Dept. Chem., Mater., and Chem. Eng. "Giulio Natta" Politecnico di Milano Via L. Mancinelli 7 20131 Milano Italy.
Istituto di Scienze e Tecnologie Chimiche National Research Council of Italy Via M. Bianco 9 20131 Milano Italy.
ChemistryOpen. 2020 Feb 25;9(2):253-260. doi: 10.1002/open.201900350. eCollection 2020 Feb.

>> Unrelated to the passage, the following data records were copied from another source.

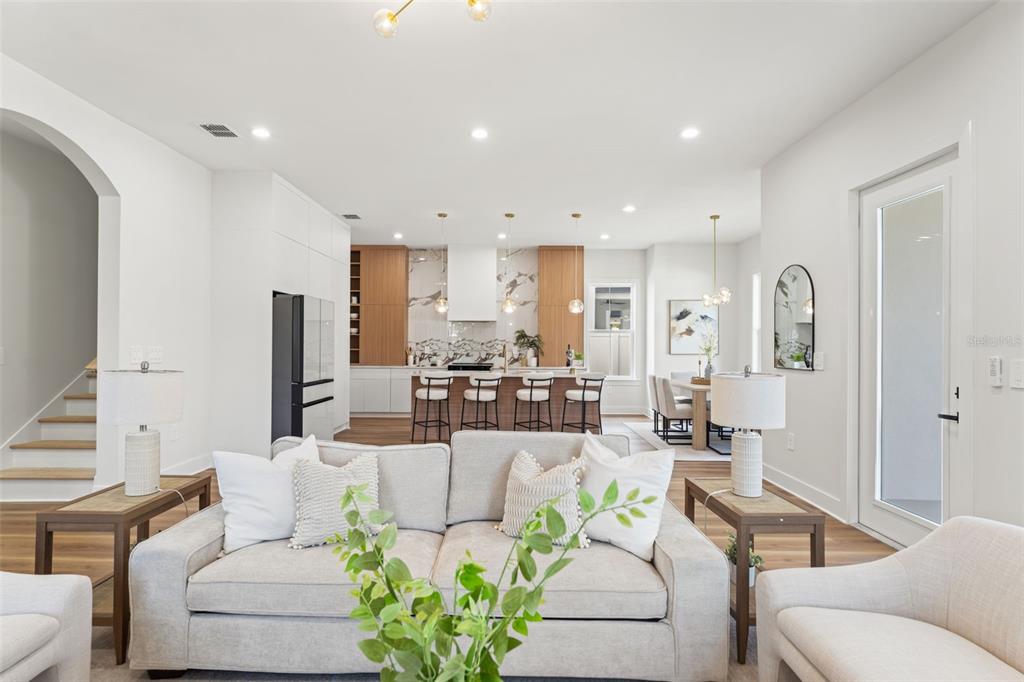 A modern open-concept living room features a sofa, kitchen island, and dining area — 10194 HODSON PLACE, SEMINOLE, FL
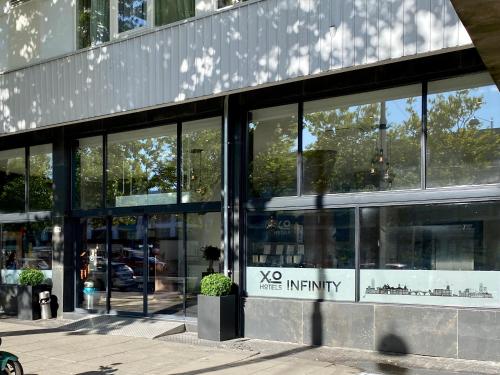 ein Glasgebäude mit einem Vos-Infinity-Schild darauf in der Unterkunft XO Hotels Infinity in Amsterdam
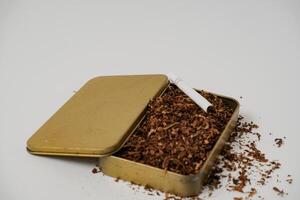 tobacco and some cigarettes around it with a white background photo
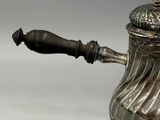 a silver tea pot with a wooden handle on a table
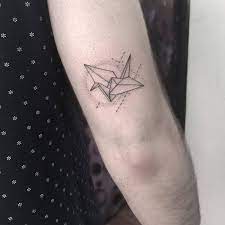Maybe you would like to learn more about one of these? 26 Gorgeous Paper Crane Tattoos And Meanings Page 2 Of 2 Tattoobloq Paper Crane Tattoo Tattoos Hand Tattoos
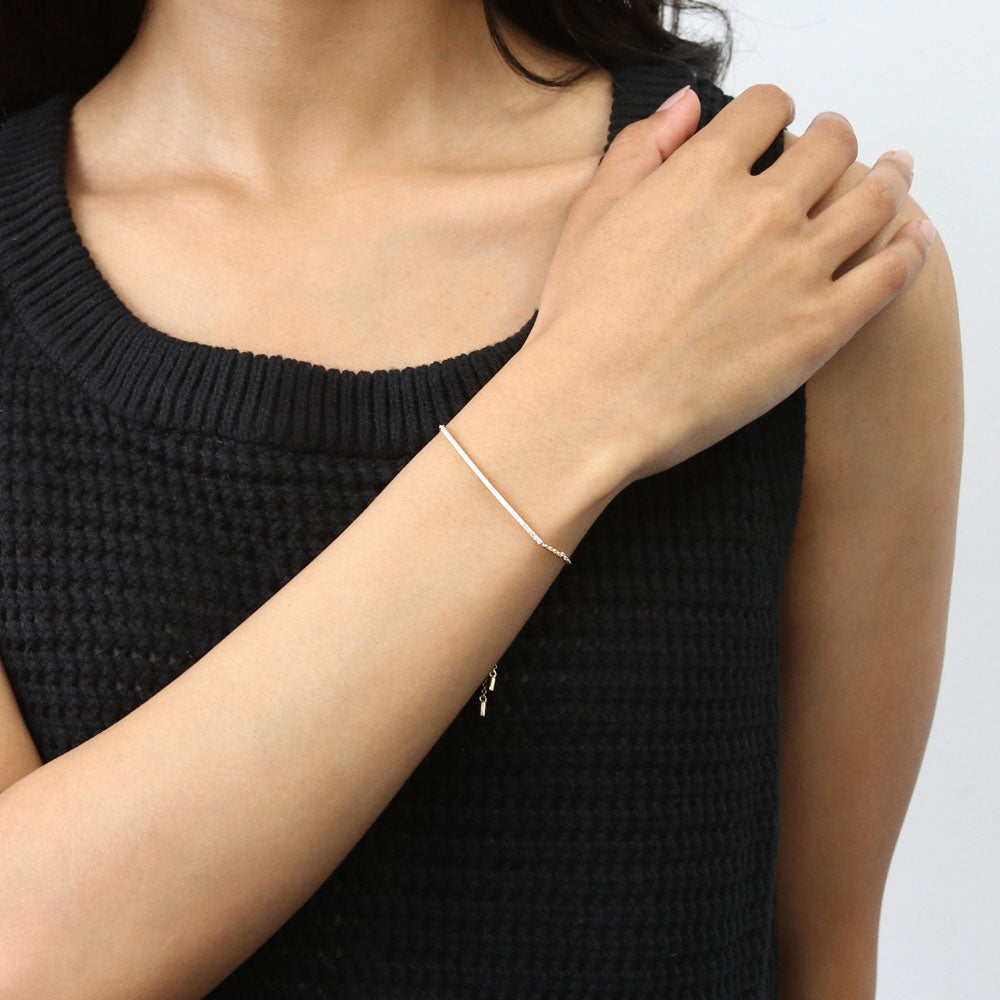 Model wearing Bar CZ Rolo Chain Bracelet in Sterling Silver, Yellow Gold Flashed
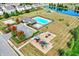 Aerial shot of a beautiful community pool and playground area, with landscaping, ponds, and manicured lawns nearby at 14095 Northcoat Pl, Fishers, IN 46038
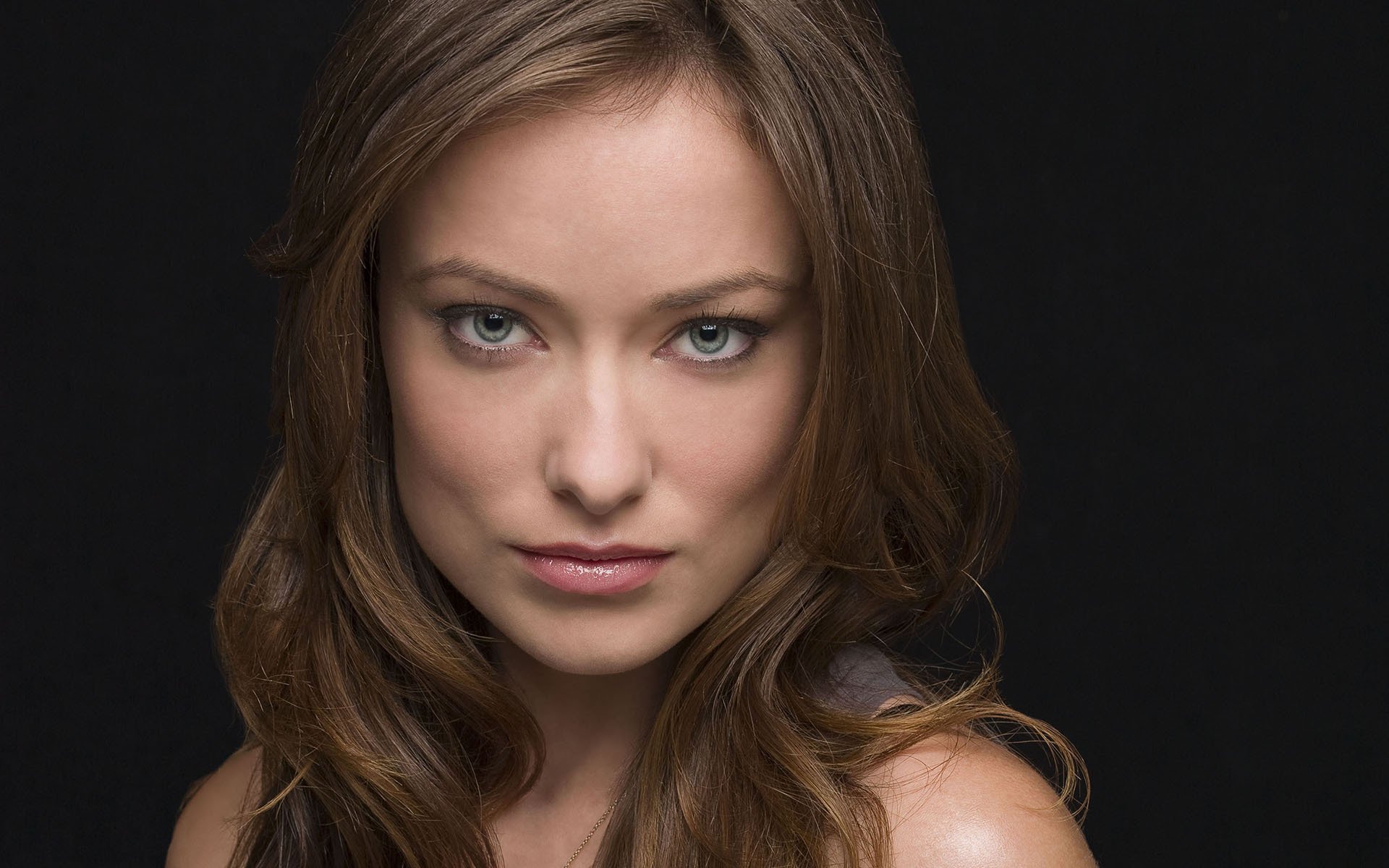 HD PC desktop wallpaper featuring a close-up portrait of celebrity Olivia Wilde with soft lighting against a dark background.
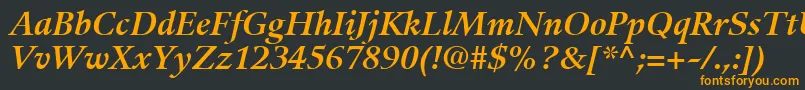 GuardiLt76BoldItalic Font – Orange Fonts on Black Background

Here, we demonstrate that introduction of halogen atoms at the tyrosine 10 phenol ring of the DSGYEV sequence derived from the flexible amyloid-β -terminus, promotes its self-assembly in the solid state. In particular, we report the crystal structures of two halogen-modified sequences, which we found to be stabilized in the solid state by halogen-mediated interactions. The structural study is corroborated by Non-Covalent Interaction (NCI) analysis. Our results prove that selective halogenation of an amino acid enhances the supramolecular organization of otherwise unstructured biologically-relevant sequences. This method may develop as a general strategy for stabilizing highly polymorphic peptide regions.
在这里,我们证明了在源自柔性淀粉样β-末端的 DSGYEV 序列的酪氨酸 10 酚环上引入卤素原子会促进其在固态中的自组装。特别是,我们报告了两个卤素修饰序列的晶体结构,我们发现它们在固态中通过卤素介导的相互作用得到稳定。结构研究得到了非共价相互作用(NCI)分析的支持。我们的结果证明,选择性卤化氨基酸会增强原本无结构的生物相关序列的超分子组织。这种方法可能发展成为稳定高度多态肽区域的一般策略。